Design / implementation of a minimal distributed pub sub

  1. I am looking for something more useful than “just use Phoenix.PubSub”

  2. I understand there are various security issues. For our definition of ‘minimal’, let us consider the following operations:

control: HashMap<Channel, HashSet<Client>>

fn send_msg(c: Channel, msg: Msg) {
  for client in control.get(c) {
    client.send(msg);
  }
}

fn add_channel(c: Channel) {
  control.insert(c);
}

fn del_channel(c: Channel) {
  send_msg(c, "exit");
  control.delete(c);
}

fn add_client(c: Channel, client: Client) {
  control[c].insert(client);
}

fn del_client(c: Channel, client: Client) {
  control[c].del(client);
}
  1. Now, here is the question. How do we make this distributed ? How do we shard the ‘control’? How do messages get routed to the right place?
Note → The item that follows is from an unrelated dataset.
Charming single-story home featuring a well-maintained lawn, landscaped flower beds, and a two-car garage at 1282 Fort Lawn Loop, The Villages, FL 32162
I am looking for things on the level of pseudocode/working-code (not informal English descriptions).

Any recommendations for tutorials / books that works through the design / implementation of such a system ?

I’d recommend checking out the erlang :pg module, which is what Phoenix PubSub uses under the hood in one of it’s adapters.
This module implements distributed process groups. A process can subscribe to a group(which could be your topic, following the phoenix pubsub analogy), and you can fetch all the members of a group and send them a message to do a broadcast. The groups list is managed by :pg itself, so you don’t have to worry about adding them and doing cleanup.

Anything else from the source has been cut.